Activist exiled from Honduras lives in home with others fighting for human rights
Editor’s note: This story first appeared on palabra, the digital news site by the National Association of Hispanic Journalists.
By J. Marcos and María Ángeles Fernández
Dalila Argueta doesn’t stop moving from one side to another. She acts as the perfect hostess, although she has only been in her new home for a short time: the Basoa Defenders’ House, a community and self-managed space built a few months ago some 25 miles from Bilbao, in northern Spain.
The house serves as a meeting space and has four floors, 50 beds, and a large kitchen with its many pots and pans. It has bathrooms and showers, a fireplace, library, bright windows and a large garden with trees. More than 40 ecofeminist activists from different countries in Latin America, Spain and Senegal are gathered to weave transnational alliances “against corporate power.” This is the mission of the organization, Peace with Dignity, who started the house.

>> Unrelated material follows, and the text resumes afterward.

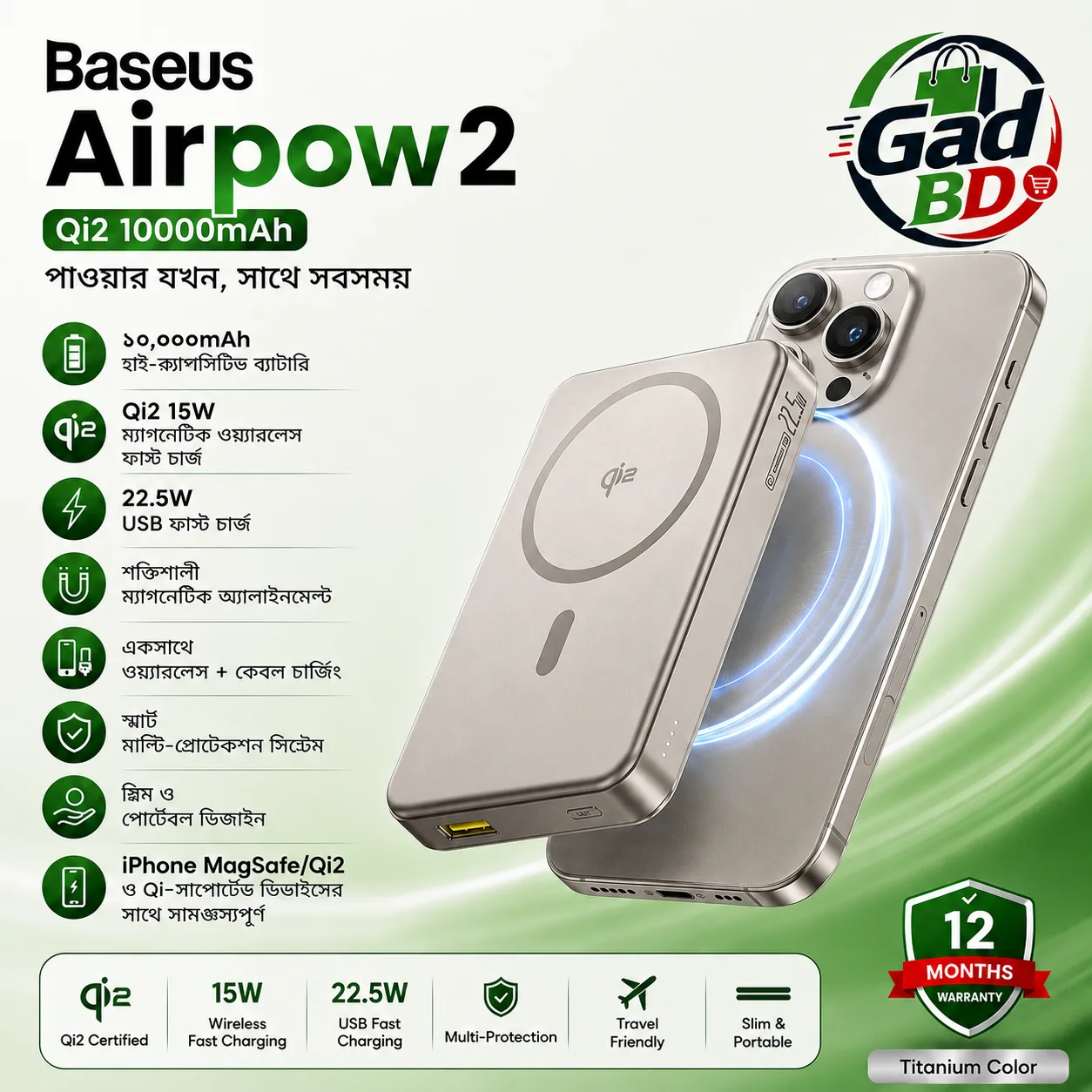 Baseus Airpow2 Qi2 10000mAh 22.5W Magnetic Wireless Fast Charging Power Bank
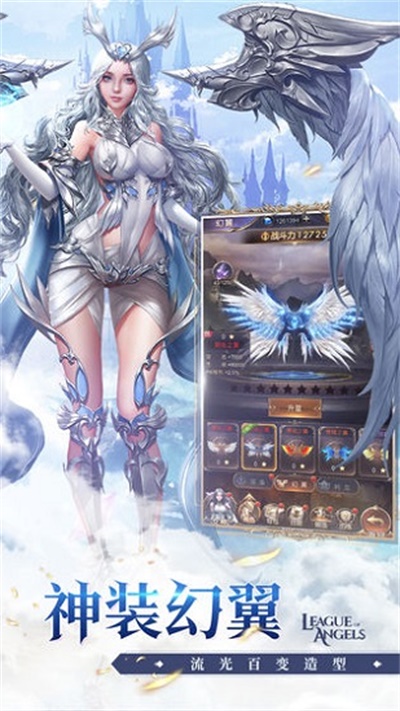 游族女神联盟契约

A defender of human rights, the community’s land and the Guapinol River (Honduras), Dalila, restless and petite, is one of the first residents of Basoa.
“Not only do they welcome (me), but Basoa also acts as a speaker for my struggle,” she explains. Dalila’s struggle is the resistance against the iron mine that has polluted her homeland for five years, after the Honduran company Inversiones Los Pinares obtained the permit to mine the Botaderos Mountain.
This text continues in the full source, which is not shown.